Since $\varnothing \in B$ we get that $y \in \bigcap B \leftrightarrow y \in \varnothing$.

But since there is no $y$ such that $y \in \varnothing$ we conclude that we cannot find a $y$ such that $y \in \bigcap B$.

 

[Evgeny.Makarov]

$$y \in \bigcap B \leftrightarrow \forall b \in B: y \in b$$

Since $\varnothing \in B$ we get that $y \in \bigcap B \leftrightarrow y \in \varnothing$.

How did you arrive at the last equivalence?

 

[evinda]

How did you arrive at the last equivalence?

Since $y \in \bigcap B \leftrightarrow \forall b \in B: y \in b$ I thought that we could also write this equivalence for each $b$ separately and taking $b=\varnothing$ we would arrive at it. So can't we do it like that? (Thinking)

 

[Evgeny.Makarov]

Since $y \in \bigcap B \leftrightarrow \forall b \in B: y \in b$ I thought that we could also write this equivalence for each $b$ separately and taking $b=\varnothing$ we would arrive at it.
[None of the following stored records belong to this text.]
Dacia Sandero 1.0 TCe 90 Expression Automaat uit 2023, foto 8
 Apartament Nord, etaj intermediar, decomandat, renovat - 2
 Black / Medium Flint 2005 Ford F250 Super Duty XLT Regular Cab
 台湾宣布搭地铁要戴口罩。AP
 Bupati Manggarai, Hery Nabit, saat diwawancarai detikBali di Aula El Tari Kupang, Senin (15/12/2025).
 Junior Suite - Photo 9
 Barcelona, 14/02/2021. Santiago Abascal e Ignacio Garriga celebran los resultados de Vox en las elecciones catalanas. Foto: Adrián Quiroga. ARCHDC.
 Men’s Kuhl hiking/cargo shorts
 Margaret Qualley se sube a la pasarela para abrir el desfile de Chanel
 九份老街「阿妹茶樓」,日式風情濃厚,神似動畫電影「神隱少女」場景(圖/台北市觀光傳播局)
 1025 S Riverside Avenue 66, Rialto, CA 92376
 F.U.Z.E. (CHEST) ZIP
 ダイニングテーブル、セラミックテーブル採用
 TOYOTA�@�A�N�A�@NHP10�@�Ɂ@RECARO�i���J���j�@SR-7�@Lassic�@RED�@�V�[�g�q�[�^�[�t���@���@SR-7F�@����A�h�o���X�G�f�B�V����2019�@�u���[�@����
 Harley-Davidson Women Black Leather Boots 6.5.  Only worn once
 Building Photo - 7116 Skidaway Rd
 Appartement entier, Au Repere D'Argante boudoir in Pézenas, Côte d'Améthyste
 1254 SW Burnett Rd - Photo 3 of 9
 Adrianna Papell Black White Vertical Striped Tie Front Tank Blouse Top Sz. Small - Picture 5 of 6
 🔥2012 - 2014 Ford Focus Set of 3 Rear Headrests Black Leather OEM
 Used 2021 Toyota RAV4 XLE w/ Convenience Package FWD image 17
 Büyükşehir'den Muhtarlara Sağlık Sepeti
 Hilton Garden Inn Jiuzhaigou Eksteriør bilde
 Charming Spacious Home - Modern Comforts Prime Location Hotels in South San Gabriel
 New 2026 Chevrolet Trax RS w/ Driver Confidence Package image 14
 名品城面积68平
It would be nice for you to learn the laws of reasoning, or inference rules, (especially since you are studying logic) and refer to them when you explain your reasoning. Saying "I could also write this equivalence for each $b$ separately" is not really an explanation. It is not clear when you can or cannot write something separately.

So, you use
\[
y \in \bigcap B \leftrightarrow \forall b \in B: y \in b
\]
to conclude
\[
y \in \bigcap B \leftrightarrow y \in \varnothing.
\]
In a similar way, do you use the equivalence
\[
p\text{ is prime}\leftrightarrow (\forall n\;n\mid p\to n=1\lor n=p)
\]
to conclude
\[
p\text{ is prime}\leftrightarrow (5\mid p\to 5=1\lor 5=p),
\]
which, if $p>5$, can be rewritten as
\[
p\text{ is prime}\leftrightarrow \neg(5\mid p)\ ?
\]

 

[evinda]

It would be nice for you to learn the laws of reasoning, or inference rules, (especially since you are studying logic) and refer to them when you explain your reasoning. Saying "I could also write this equivalence for each $b$ separately" is not really an explanation. It is not clear when you can or cannot write something separately.

So, you use
\[
y \in \bigcap B \leftrightarrow \forall b \in B: y \in b
\]
to conclude
\[
y \in \bigcap B \leftrightarrow y \in \varnothing.
\]
In a similar way, do you use the equivalence
\[
p\text{ is prime}\leftrightarrow (\forall n\;n\mid p\to n=1\lor n=p)
\]
to conclude
\[
p\text{ is prime}\leftrightarrow (5\mid p\to 5=1\lor 5=p),
\]
which, if $p>5$, can be rewritten as
\[
p\text{ is prime}\leftrightarrow \neg(5\mid p)\ ?
\]

Oh sorry! That what I said makes no sense... (Tmi)
Could you give me a hint how else we could show that $\bigcap B=\varnothing$ ? (Thinking)